Be Sure To Finish Strong On The Journey Of Following Jesus
We know that large crowds were coming to Jesus. The movement he started with a dozen men was swelling with converts.
How pleased the disciples must have been. They had risked all to be with Jesus when there were few who had heard of him. Now their investment must have seemed like a gold mine. They had gotten in on this kingdom business at the ground floor. The kingdom movement was a mustard seed then. It was a full grown tree now.
How confident and successful they appeared, surrounded by popular appeal and growing numbers.
It seemed that the sky was the limit now until Jesus opened his mouth and said, "If anyone comes to me and does not hate his father and mother, his wife and children, his brothers and sisters, and even his own life, he cannot be my disciple." Have you ever seen that saying of Jesus on the kitchen wall?
Well, as you might imagine, that statement let the air out their balloon.
What a career-ending sound bite that would make on the evening news. "Hate your parents, family, siblings!" Jesus, surely we misunderstood you. You are the one who taught us to love even our enemies, much less our own family.
You are the one who held and blessed all children as images of the kingdom of God. Why are you the making the conditions of discipleship so hard? Why make us choose between you and our families? Couldn't Christianity be more successful and popular if you eased up on us all? Are you sure you know what you are doing, Jesus?
There were the questions, spoken and unspoken, by the disciples that day.
Jesus, of course, knew what he was doing. But he wanted to make sure those following him knew what they were doing, too. What do we make of this hard saying of Jesus? Just this: He wanted disciples to finish strong in the journey of following him. How do we finish strong?
You finish strong if you begin honestly. Today, leaders and politicians have staff members who measure every word, examine it for political correctness, and spin the truth to the purposes of their employer.
The fatal flaw to be avoided is the embarrassment of offending anyone. Jesus had no such desire to "spin" the truth.
He did not want to offend. But he did intend to shock his hearers into a higher of commitment.
Jewish teachers of the first century often used overstatement and exaggeration with their disciples.
Jesus wants to alert would-be followers that the hill is steep in places that they will be asked to climb.
He would be doing them no favor to soft-sell the pressing need of absolute commitment to the kingdom of God.
If someone begins the journey under the illusion of ease, that one is headed for certain disappointment. Disillusion is always the child of illusion.
Jesus knew that the crowd surrounding him was not ready for the journey that awaited them as his followers. It is relatively easy to confess loyalty to Christ when one is surrounded by a multitude that does the same.
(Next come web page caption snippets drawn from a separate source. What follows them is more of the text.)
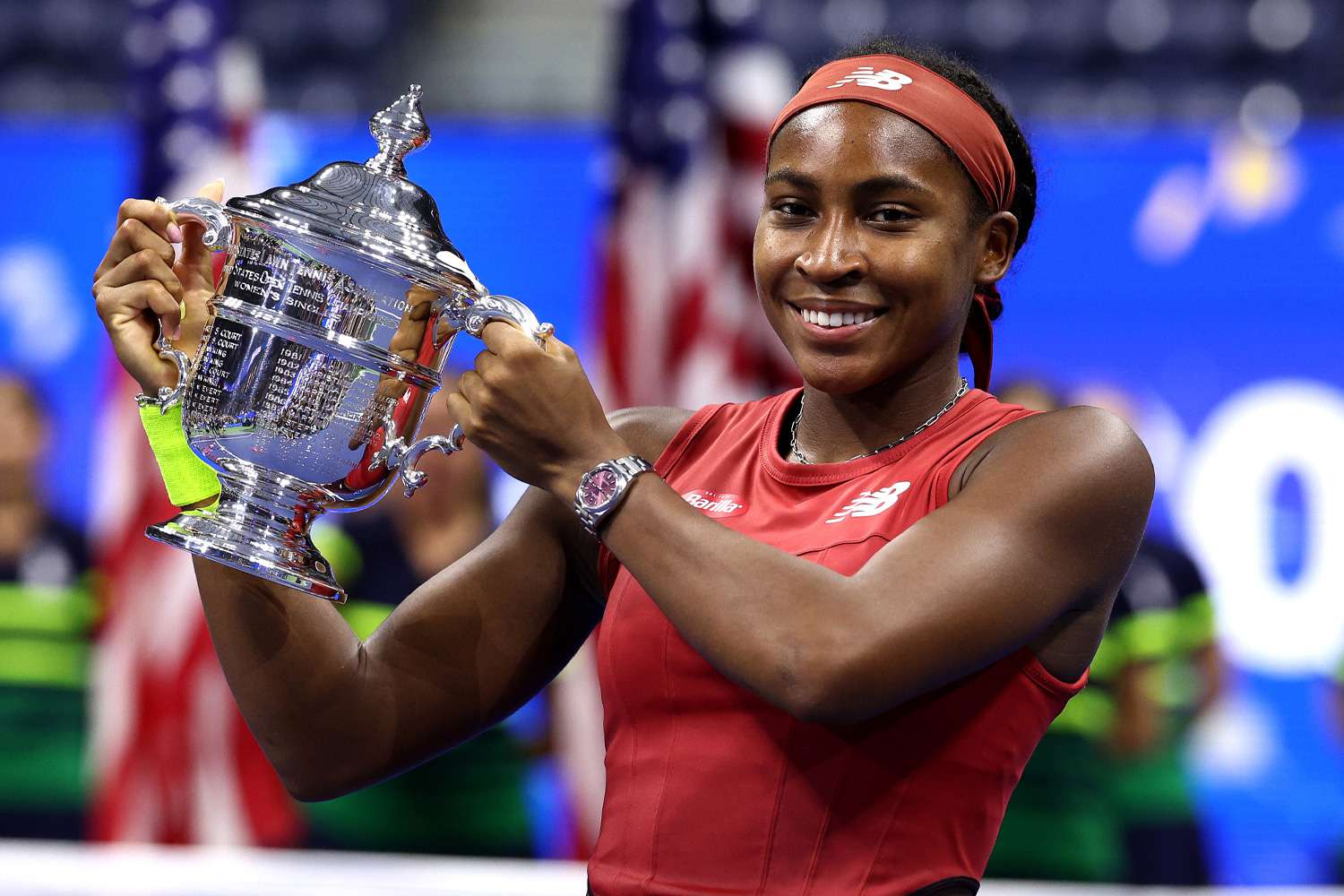Coco Gauff And Peyton Stearns: American Duo Triumphs In Rome Coco Gauff And Peyton Stearns: American Duo Triumphs In Rome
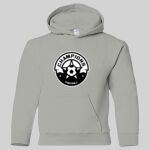 Heavy Blend Youth Hooded Sweatshirt Thumbnail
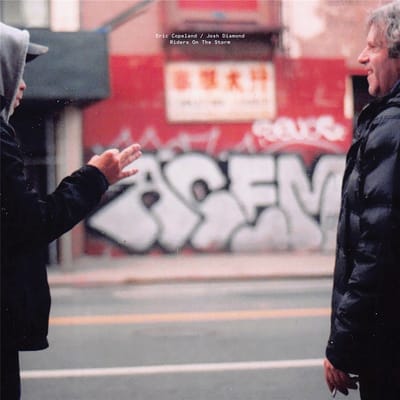 Eric Copeland & Josh Diamond - Riders On The Storm (LP)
It is quite another matter when one stands alone, much less when one must stand in the face of a multitude who are antagonistic with the cause of Christ.
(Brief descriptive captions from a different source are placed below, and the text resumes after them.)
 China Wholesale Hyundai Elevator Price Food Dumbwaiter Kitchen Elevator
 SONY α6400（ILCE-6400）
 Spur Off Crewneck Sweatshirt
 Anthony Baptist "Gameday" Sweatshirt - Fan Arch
Christ came to call men and women to bear a cross. Jesus knows if he does not prepare his followers for the harsh times that may come upon them, they will wilt under the pressure and quit too soon. There is no shame to fall in an attempt of a great task. The theologian Dietrich Bonhoeffer said, "When Christ calls a person, he calls him to come and die."
The saying about hating family is shocking, but not as shocking as it sounds to our ears.
In the first century, "To hate," is such a comparative statement meaning "to love less than." Another statement of Jesus along these lines, "If you love your family more than me, you cannot be my disciple."
Is Jesus advocating a renunciation of all family loyalties? No. In a way, this hard statement is the supreme compliment to family ties. Jesus selected the family because it is the most honored of values.
But even this highest and noblest of relationships must pale in comparison to the love and loyalty to God.
Will there be frequent conflict between these loyalties? Probably not; especially given the witness of the rest of scripture on the value of family.
But if a decision had to be made between God and family, or someone is going to be the first love of your life, Jesus is bold to say, "Choose God."
Something, or someone, is going to be the first love of your life. If we were followers of Jesus, as he followed God, he must be first loved more than our money, more than our ambitions, more than our sense of survival, more than our family.
How many of us never excelled in an endeavor because we could not come to the point of commitment? How crucial such devotion is to the journey of faith.
Jesus was a finisher. At his death he cried, "It is finished." He did not quit. And he calls us to follow in his steps. It is not always an easy climb, but it is the only peak worth giving your life.
It is not always a popular journey, but you will never be totally alone either. Christ will be there. His presence will enable you to finish strong.